The key steps of the strategy were broken down into smaller steps and allocated to local task force teams, who reported weekly on progress, difficulties and planned next steps.
The logistics centre general manager and the head office team reviewed progress of the strategy every week, and agreed changes and/or corrective action. These requirements were fed back the same day to the local teams, who then met briefly to agree individual actions for the team members.
This process was so successful in improving turnaround times and removing bottlenecks that it became a permanent feature of the logistics centre. Head office has now rolled out the practice to all operations.
As a result, Carphone Warehouse now has a culture of overperformance, which has been reflected in an improvement in the company's reputation among potential recruits and an increase in its share value. In short, the strategy's successful implementation has created a virtuous circle of improvement for the company.
3. Strategic planning to increase market penetration
Henkel's adhesives business in the Russian Federation had grown rapidly over a four-year period. The company asked TCii to help develop and implement a business strategy to drive the next phase of business expansion.
First we analysed the existing business and identified gaps and strategic opportunities. Our research showed that the majority of goods distributed in Russia flowed via the 12 cities with a population of 1 million or more. But within these cities, Henkel's products had an average market penetration of only 20%.
We helped the Henkel team draw up a strategic plan to gain a significant part of that missing 80%. After making a detailed "market map" showing the key sales channels in each of the 12 cities and their surrounding areas, we overlaid it with a map of the channels in which Henkel already had a presence.
We analysed the gaps in detail: store types, numbers, locations, relative importance, and so on. We then drew up a prioritised target list of the potential distribution points, and a dedicated business development team was directed to secure these.

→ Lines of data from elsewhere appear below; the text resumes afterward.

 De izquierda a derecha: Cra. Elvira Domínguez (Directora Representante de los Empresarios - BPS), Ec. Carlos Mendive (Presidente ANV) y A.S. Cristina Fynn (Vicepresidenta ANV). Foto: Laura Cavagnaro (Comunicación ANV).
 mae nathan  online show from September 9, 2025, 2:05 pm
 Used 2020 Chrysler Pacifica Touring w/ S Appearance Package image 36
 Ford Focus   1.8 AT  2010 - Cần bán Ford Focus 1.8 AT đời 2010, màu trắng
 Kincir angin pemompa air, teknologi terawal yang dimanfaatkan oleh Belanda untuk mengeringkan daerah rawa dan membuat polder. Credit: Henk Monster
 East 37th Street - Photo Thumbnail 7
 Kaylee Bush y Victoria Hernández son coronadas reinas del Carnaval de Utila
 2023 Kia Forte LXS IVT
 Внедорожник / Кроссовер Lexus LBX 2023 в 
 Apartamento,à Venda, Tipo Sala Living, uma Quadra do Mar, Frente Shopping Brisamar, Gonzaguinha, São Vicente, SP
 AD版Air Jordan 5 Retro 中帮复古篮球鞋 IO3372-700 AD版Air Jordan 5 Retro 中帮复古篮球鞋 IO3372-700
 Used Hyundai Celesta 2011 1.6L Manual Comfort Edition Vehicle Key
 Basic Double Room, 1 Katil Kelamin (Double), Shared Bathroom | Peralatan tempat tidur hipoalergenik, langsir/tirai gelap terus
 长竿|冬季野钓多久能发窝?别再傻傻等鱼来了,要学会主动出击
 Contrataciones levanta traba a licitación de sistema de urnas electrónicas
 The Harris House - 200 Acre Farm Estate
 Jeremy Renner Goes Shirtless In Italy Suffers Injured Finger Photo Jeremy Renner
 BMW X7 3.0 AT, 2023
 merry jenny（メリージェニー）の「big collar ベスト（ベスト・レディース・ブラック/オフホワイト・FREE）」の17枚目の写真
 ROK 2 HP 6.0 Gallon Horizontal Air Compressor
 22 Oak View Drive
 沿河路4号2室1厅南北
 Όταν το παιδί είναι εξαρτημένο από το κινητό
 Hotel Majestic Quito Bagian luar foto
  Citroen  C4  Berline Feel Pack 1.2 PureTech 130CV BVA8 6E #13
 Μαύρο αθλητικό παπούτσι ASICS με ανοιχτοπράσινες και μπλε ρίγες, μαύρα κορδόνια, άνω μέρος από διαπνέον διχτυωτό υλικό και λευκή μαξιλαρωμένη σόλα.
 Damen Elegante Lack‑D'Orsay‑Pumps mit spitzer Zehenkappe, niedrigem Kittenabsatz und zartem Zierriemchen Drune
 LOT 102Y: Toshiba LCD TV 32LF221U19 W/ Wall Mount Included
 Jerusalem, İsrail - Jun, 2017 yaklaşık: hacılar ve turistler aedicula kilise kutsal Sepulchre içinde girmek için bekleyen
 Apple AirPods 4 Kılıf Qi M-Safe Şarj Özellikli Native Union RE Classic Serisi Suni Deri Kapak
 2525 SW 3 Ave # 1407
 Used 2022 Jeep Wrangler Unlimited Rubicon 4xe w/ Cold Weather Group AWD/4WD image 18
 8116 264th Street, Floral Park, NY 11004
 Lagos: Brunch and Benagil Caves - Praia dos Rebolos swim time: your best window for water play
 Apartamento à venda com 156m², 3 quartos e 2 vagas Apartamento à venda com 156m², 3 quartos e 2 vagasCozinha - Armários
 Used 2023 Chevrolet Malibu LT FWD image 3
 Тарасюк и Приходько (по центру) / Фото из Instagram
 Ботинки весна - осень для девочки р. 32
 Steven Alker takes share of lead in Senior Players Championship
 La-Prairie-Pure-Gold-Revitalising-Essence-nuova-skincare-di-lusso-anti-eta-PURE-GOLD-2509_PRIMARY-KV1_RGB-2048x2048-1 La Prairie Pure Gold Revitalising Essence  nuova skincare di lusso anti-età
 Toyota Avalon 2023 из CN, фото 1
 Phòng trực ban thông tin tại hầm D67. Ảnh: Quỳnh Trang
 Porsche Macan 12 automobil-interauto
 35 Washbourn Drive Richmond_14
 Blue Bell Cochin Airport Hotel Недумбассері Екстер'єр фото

Finally, we arranged for progress to be analysed on a weekly basis, and for experience and learning points to be shared in the team – for example, via an online progress database and in Monday morning review meetings.
During the next two years Henkel's market penetration increased from an average of 20% to an average of 60%, and sales doubled. We continue to use the system today, to grow distribution still further.
The content of this article is intended to provide a general guide to the subject matter. Specialist advice should be sought about your specific circumstances.